The leaders of the new alliance called on the people and organisations responsible for mosques and other places of worship to actively participate in their work so that they could represent the expectations and aspirations of all Muslims in France. The new organisation’s vision is to represent the fundamental values of an authentic and open Islam with dignity and fairness, and to also be in harmony with the values and principles of the French Republic, Le Figaro writes.

CFCM leader Mohammed Moussaoui, however, appeared less than impressed with the announcement of the retracting organisations.
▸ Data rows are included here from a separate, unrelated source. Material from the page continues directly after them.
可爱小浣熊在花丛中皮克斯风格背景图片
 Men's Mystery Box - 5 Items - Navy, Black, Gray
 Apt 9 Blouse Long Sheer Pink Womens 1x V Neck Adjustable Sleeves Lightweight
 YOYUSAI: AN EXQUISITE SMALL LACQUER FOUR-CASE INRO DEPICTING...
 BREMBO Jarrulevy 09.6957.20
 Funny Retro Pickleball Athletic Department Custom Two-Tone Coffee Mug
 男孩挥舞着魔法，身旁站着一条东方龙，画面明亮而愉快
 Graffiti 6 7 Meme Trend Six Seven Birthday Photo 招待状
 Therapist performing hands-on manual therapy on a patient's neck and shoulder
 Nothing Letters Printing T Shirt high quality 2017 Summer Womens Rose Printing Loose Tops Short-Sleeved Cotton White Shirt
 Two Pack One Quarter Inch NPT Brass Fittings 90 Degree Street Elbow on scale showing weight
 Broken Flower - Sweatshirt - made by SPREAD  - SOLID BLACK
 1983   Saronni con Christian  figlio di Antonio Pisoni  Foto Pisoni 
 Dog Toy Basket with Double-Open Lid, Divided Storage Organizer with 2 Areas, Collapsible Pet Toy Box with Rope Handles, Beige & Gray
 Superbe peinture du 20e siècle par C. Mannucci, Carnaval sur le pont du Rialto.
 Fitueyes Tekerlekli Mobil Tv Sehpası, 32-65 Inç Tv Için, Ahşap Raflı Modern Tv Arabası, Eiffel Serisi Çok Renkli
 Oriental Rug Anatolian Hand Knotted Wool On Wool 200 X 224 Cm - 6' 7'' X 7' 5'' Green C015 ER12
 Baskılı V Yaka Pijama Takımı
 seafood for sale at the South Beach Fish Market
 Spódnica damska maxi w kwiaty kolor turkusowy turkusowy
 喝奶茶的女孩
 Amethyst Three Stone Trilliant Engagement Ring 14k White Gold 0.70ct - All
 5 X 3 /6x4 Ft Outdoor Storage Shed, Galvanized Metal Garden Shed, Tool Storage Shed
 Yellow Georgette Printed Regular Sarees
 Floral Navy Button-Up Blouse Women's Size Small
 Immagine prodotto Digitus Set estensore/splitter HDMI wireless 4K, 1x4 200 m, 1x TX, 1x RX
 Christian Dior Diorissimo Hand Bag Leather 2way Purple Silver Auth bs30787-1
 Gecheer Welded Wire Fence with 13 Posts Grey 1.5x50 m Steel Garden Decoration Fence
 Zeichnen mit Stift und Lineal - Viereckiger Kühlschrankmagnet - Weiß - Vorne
He issued a statement accusing them of leaving CFCM in a bid to paralyse its activity.

The statement by CFCM chief Mohammed Moussaoui calls on Muslims in France to take control of their own destiny and attend the rallies soon to beginin in each département, where they will be able to decide about the leadership methods of the religious body representing them.

Mr Moussaoui also drew attention to the fact that the organisations in question have always opposed all forms of election, as well as the creation of county (or département) councils responsible for Muslim worship. By creating a new alliance, the departing organisations aim to prevent the development demanded and expected by French Muslims, and the establishment of département councils, according to CFCM’s leader. He added that the newly formed association has arbitrarily proclaimed itself to be sole advocate of Muslims in France, thus denying them the right to participate in regional rallies and consultations going forward. The move practically means that Muslims would have no say in matters affecting them, he added.